TASK TO COMPLETE:
Below are some records; output all of them exactly.

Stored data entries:

----

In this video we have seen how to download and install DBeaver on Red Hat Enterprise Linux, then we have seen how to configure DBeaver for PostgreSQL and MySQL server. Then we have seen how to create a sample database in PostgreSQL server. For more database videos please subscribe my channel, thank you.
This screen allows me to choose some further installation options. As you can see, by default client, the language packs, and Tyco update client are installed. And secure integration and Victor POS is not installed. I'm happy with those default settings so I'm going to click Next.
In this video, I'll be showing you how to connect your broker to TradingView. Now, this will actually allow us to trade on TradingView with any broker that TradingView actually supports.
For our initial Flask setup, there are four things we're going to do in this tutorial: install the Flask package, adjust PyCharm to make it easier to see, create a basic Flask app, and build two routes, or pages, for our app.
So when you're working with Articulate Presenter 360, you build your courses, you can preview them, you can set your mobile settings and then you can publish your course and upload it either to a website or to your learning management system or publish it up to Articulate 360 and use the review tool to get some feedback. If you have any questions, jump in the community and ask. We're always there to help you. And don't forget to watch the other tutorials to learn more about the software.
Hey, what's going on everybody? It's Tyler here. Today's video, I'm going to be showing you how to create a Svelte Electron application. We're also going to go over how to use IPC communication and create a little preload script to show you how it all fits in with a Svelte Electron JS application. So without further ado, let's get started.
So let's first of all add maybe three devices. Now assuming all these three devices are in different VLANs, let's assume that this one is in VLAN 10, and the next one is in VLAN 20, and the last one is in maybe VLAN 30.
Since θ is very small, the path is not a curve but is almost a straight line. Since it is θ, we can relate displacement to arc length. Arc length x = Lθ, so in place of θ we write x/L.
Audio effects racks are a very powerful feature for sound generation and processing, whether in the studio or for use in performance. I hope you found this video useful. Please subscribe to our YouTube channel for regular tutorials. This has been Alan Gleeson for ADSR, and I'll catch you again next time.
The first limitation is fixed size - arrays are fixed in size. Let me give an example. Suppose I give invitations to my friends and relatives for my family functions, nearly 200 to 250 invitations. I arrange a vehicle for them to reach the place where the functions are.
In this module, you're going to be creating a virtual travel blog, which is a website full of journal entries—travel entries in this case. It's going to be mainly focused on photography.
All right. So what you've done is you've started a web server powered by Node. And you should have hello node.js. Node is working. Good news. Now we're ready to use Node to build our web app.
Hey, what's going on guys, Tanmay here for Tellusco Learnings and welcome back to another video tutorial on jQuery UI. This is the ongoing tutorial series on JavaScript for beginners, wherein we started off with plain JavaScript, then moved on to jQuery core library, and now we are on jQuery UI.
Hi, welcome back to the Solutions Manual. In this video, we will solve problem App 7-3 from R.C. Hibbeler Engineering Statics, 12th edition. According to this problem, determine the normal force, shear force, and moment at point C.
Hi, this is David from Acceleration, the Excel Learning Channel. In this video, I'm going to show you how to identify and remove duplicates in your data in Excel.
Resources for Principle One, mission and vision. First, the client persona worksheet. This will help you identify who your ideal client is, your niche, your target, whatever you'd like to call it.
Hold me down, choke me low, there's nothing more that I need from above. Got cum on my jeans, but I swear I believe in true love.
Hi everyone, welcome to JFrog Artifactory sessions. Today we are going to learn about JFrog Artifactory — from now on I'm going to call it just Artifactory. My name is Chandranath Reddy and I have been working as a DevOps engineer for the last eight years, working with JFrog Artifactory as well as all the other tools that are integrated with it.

----

EXERCISE ANSWER:
In this video we have seen how to download and install DBeaver on Red Hat Enterprise Linux, then we have seen how to configure DBeaver for PostgreSQL and MySQL server. Then we have seen how to create a sample database in PostgreSQL server. For more database videos please subscribe my channel, thank you.
This screen allows me to choose some further installation options. As you can see, by default client, the language packs, and Tyco update client are installed. And secure integration and Victor POS is not installed. I'm happy with those default settings so I'm going to click Next.
In this video, I'll be showing you how to connect your broker to TradingView. Now, this will actually allow us to trade on TradingView with any broker that TradingView actually supports.
For our initial Flask setup, there are four things we're going to do in this tutorial: install the Flask package, adjust PyCharm to make it easier to see, create a basic Flask app, and build two routes, or pages, for our app.
So when you're working with Articulate Presenter 360, you build your courses, you can preview them, you can set your mobile settings and then you can publish your course and upload it either to a website or to your learning management system or publish it up to Articulate 360 and use the review tool to get some feedback. If you have any questions, jump in the community and ask. We're always there to help you. And don't forget to watch the other tutorials to learn more about the software.
Hey, what's going on everybody? It's Tyler here. Today's video, I'm going to be showing you how to create a Svelte Electron application. We're also going to go over how to use IPC communication and create a little preload script to show you how it all fits in with a Svelte Electron JS application. So without further ado, let's get started.
So let's first of all add maybe three devices. Now assuming all these three devices are in different VLANs, let's assume that this one is in VLAN 10, and the next one is in VLAN 20, and the last one is in maybe VLAN 30.
Since θ is very small, the path is not a curve but is almost a straight line. Since it is θ, we can relate displacement to arc length. Arc length x = Lθ, so in place of θ we write x/L.
Audio effects racks are a very powerful feature for sound generation and processing, whether in the studio or for use in performance. I hope you found this video useful. Please subscribe to our YouTube channel for regular tutorials. This has been Alan Gleeson for ADSR, and I'll catch you again next time.
The first limitation is fixed size - arrays are fixed in size. Let me give an example. Suppose I give invitations to my friends and relatives for my family functions, nearly 200 to 250 invitations. I arrange a vehicle for them to reach the place where the functions are.
In this module, you're going to be creating a virtual travel blog, which is a website full of journal entries—travel entries in this case. It's going to be mainly focused on photography.
All right. So what you've done is you've started a web server powered by Node. And you should have hello node.js. Node is working. Good news. Now we're ready to use Node to build our web app.
Hey, what's going on guys, Tanmay here for Tellusco Learnings and welcome back to another video tutorial on jQuery UI. This is the ongoing tutorial series on JavaScript for beginners, wherein we started off with plain JavaScript, then moved on to jQuery core library, and now we are on jQuery UI.
Hi, welcome back to the Solutions Manual. In this video, we will solve problem App 7-3 from R.C. Hibbeler Engineering Statics, 12th edition. According to this problem, determine the normal force, shear force, and moment at point C.
Hi, this is David from Acceleration, the Excel Learning Channel. In this video, I'm going to show you how to identify and remove duplicates in your data in Excel.
Resources for Principle One, mission and vision. First, the client persona worksheet. This will help you identify who your ideal client is, your niche, your target, whatever you'd like to call it.
Hold me down, choke me low, there's nothing more that I need from above. Got cum on my jeans, but I swear I believe in true love.
Hi everyone, welcome to JFrog Artifactory sessions. Today we are going to learn about JFrog Artifactory — from now on I'm going to call it just Artifactory. My name is Chandranath Reddy and I have been working as a DevOps engineer for the last eight years, working with JFrog Artifactory as well as all the other tools that are integrated with it.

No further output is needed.